The "metabolic advantage" is usually associated with low-carbohydrate/high-protein diets.  For example, in a study by David Ludwig's group, a spartan 10 percent carbohydrate, higher-protein diet led to a higher energy expenditure following weight loss than a moderate low-fat diet (2).  Yet more moderate low-carbohydrate diets don't seem to yield a metabolic advantage (3).  Again, an extreme diet composition seems to be the key, not carbohydrate restriction per se.

It's interesting to note that diet advocates in both the very-low-carbohydrate and very-low-fat camps claim a metabolic advantage and superior fat loss.  If my hypothesis is correct, they're both right!  

Hall's group actually alludes to this hypothesis in their paper.  According to their metabolic model, if the low-carbohydrate diet had been even lower in carbohydrate (with a corresponding increase in fat intake to maintain calories), it would have matched the very-low-fat diet in the fat loss department.  Their data suggest that both macronutrient extremes are a bit more effective for fat loss than being in the middle, even when calories are held constant.

Another explanation for the possible metabolic advantage of typical low-carbohydrate diets is the higher protein intake, which can lead to both short-term and long-term increases in energy expenditure, particularly during and after weight loss.  That wasn't a factor in Hall's study, but it could have been a factor in others.

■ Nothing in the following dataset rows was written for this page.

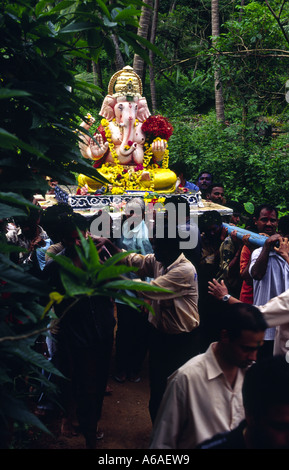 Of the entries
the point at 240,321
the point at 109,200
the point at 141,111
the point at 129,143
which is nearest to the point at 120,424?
the point at 240,321

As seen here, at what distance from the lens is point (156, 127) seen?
9.17 meters

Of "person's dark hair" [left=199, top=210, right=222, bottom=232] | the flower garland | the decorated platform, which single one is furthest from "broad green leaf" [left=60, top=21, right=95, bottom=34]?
the flower garland

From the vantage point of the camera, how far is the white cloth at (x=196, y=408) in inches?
79.1

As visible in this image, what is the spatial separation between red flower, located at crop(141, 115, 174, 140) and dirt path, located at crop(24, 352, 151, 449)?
559cm

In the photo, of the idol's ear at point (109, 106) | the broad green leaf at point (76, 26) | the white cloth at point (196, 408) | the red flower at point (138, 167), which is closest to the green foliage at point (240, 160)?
the red flower at point (138, 167)

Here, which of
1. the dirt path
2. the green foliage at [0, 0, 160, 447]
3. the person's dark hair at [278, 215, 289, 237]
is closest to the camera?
the green foliage at [0, 0, 160, 447]

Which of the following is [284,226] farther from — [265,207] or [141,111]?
[141,111]

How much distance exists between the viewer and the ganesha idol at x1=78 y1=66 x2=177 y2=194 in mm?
8953

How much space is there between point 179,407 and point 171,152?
428 inches

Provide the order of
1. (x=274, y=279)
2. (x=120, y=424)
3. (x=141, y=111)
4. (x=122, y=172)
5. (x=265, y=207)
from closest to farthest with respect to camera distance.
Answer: (x=274, y=279)
(x=120, y=424)
(x=265, y=207)
(x=122, y=172)
(x=141, y=111)

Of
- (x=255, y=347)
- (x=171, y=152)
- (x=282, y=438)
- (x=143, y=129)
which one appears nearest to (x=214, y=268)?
(x=255, y=347)

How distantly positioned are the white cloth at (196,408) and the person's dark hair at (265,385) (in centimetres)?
10

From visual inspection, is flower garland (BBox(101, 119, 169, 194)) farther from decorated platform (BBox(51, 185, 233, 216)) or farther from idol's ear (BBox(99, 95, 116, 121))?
decorated platform (BBox(51, 185, 233, 216))

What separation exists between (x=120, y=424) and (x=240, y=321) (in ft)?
8.26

These results directly refute the carbohydrate-insulin hypothesis of obesity (at least one if its most popular incarnations).  The low-carbohydrate diet caused a 22 percent reduction in insulin secretion, but only half the fat loss of the low-fat diet.  Under the conditions of this study, the relationship of insulin levels to fat loss was the opposite of what the carbohydrate-insulin hypothesis predicts.  Let me pass the mic to Hall and colleagues:

We can definitively reject the claim that carbohydrate restriction is required for body fat loss.

Now, let's talk about what this study is, and what it isn't:

  • It is an investigation of the mechanisms of short-term weight loss, specifically the mechanistic importance of calories vs. diet composition.
  • It is a well-designed test of the carbohydrate-insulin hypothesis of obesity.
  • It isn't a test of which diet works best under real-world conditions, or how different diets affect hunger, food motivation, or food intake.

We already have many other studies that test the real-world effectiveness of low-fat and low-carbohydrate diets.  These studies show that neither diet is very effective as a stand-alone fat loss measure, but moderate low-carbohydrate diets tend to be more effective than moderate low-fat diets, perhaps due to their greater ability to control appetite.  We still need more data on the real-world effectiveness of very-low-fat diets, which may be more effective than the moderate low-fat diets typically used as control groups in low-carbohydrate diet studies.

Conclusion

This is a very sophisticated study that takes us several steps toward understanding the metabolic and energy balance effects of different diet compositions.  The results are surprising and provocative.

The results suggest that over a 6-day period, specifically dropping fat from the diet leads to greater body fat loss than specifically dropping carbohydrate from the diet, when calories are held constant.  Yet, the difference in fat loss may depend on the fact that the composition of the low-fat diet was much more extreme than that of the low-carbohydrate diet.  If both diets were equally extreme, Hall's model predicts that fat loss would have been similar.  This hypothesis needs to be taken ex silico to be confirmed, hopefully in a longer-duration diet trial.

Since dropping carbohydrates from the diet lowered insulin but slowed fat loss when compared to dropping dietary fat, this study falsifies one of the most popular incarnations of the carbohydrate-insulin hypothesis of obesity.  I hope regular readers of my blog aren't too shocked.

* Which I will modestly take some credit for.

** Their method also takes de novo lipogenesis into account.